**Exercise aim:** Each entry below must be written out exactly, with pictures left out.

**Provided material:**

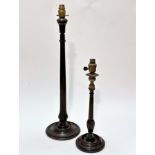 An Edwardian mahogany brass mounted Georgian style candlestick with fluted tapered column and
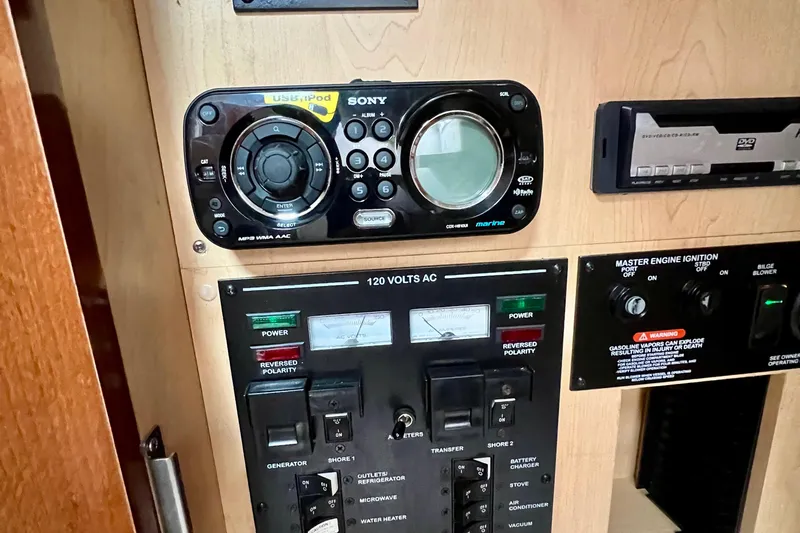 Slide: The Image of Control panel of a 2010 Sea Ray 350 Sundancer boat with audio and power systems. - 48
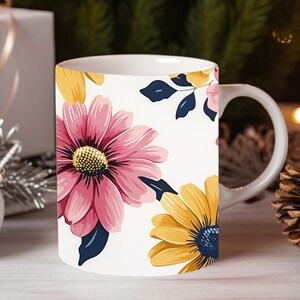 Peut inclure: Une tasse en c&eacute;ramique blanche avec un motif floral. La tasse pr&eacute;sente des fleurs roses et jaunes avec des feuilles bleu fonc&eacute; sur un fond blanc.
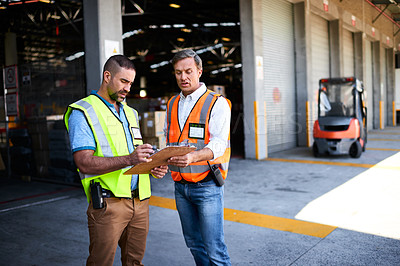 Buy stock photo Shot of two workers talking together over a clipboard while standing at the entrance of a warehouse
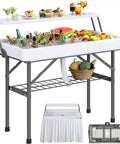 Two Tier Folding Ice Table With Drain And Detachable Skirt, 4 Foot Ice Cooler Table set up with drinks and fruit for events.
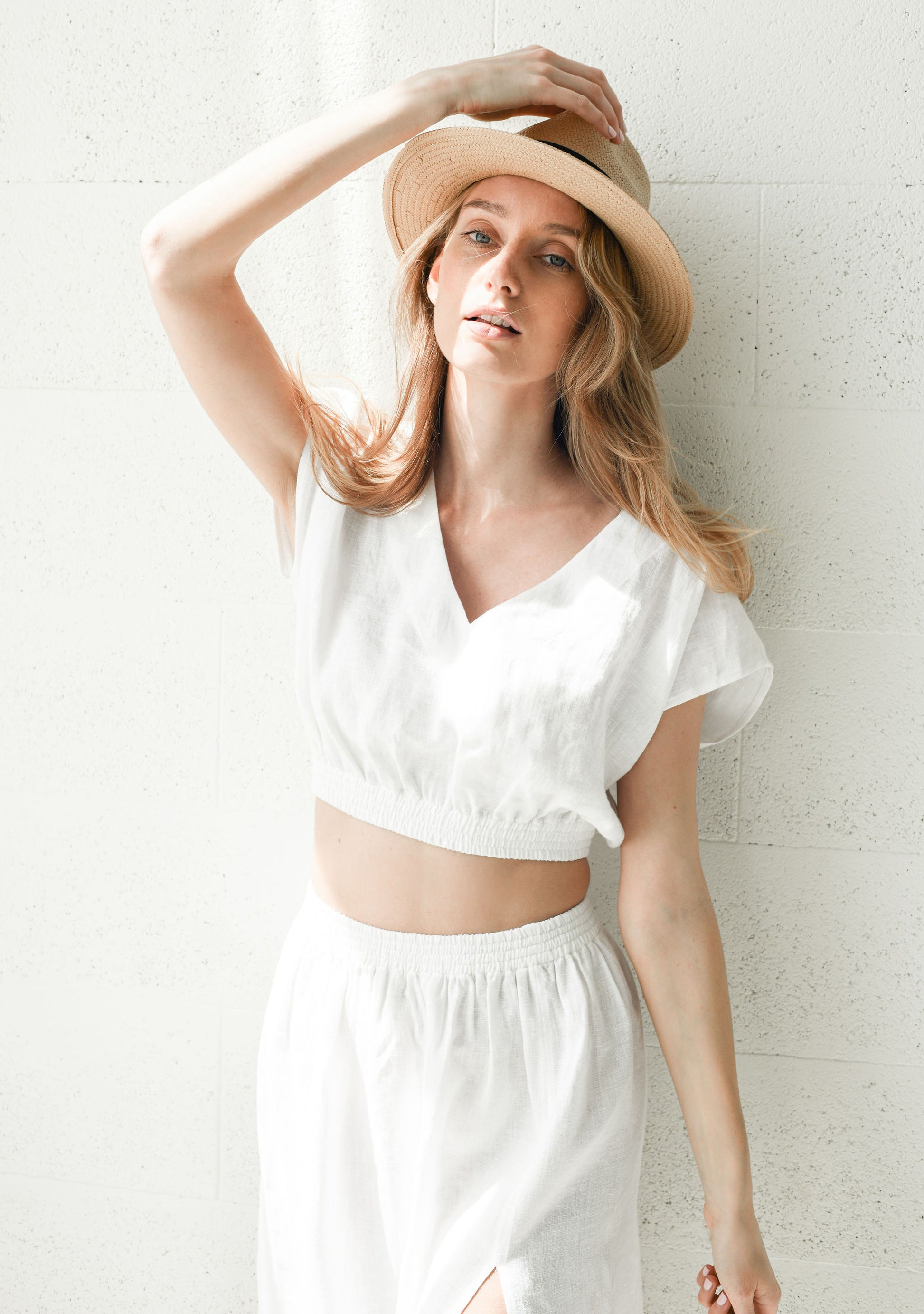 Close-up view showing the gathered waist and soft drape of a linen skirt in natural light.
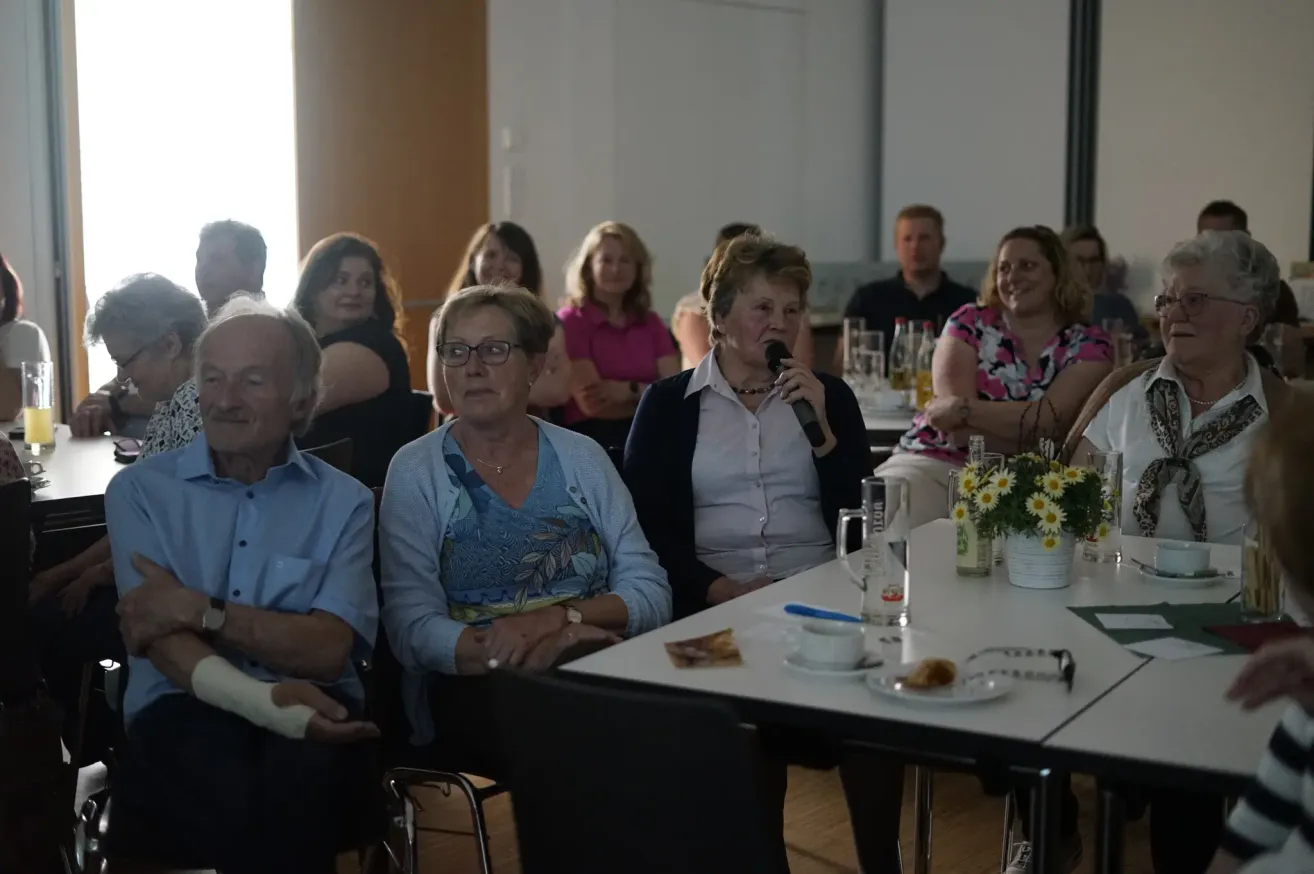 Eine Gruppe von Menschen sitzt in einem Raum. Eine Frau spricht in ein Mikrofon. Ein Tisch mit Blumen und einer Tasse steht davor.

**Completed exercise:**
 An Edwardian mahogany brass mounted Georgian style candlestick with fluted tapered column and
 Slide: The Image of Control panel of a 2010 Sea Ray 350 Sundancer boat with audio and power systems. - 48
 Peut inclure: Une tasse en c&eacute;ramique blanche avec un motif floral. La tasse pr&eacute;sente des fleurs roses et jaunes avec des feuilles bleu fonc&eacute; sur un fond blanc.
 Buy stock photo Shot of two workers talking together over a clipboard while standing at the entrance of a warehouse
 Two Tier Folding Ice Table With Drain And Detachable Skirt, 4 Foot Ice Cooler Table set up with drinks and fruit for events.
 Close-up view showing the gathered waist and soft drape of a linen skirt in natural light.
 Eine Gruppe von Menschen sitzt in einem Raum. Eine Frau spricht in ein Mikrofon. Ein Tisch mit Blumen und einer Tasse steht davor.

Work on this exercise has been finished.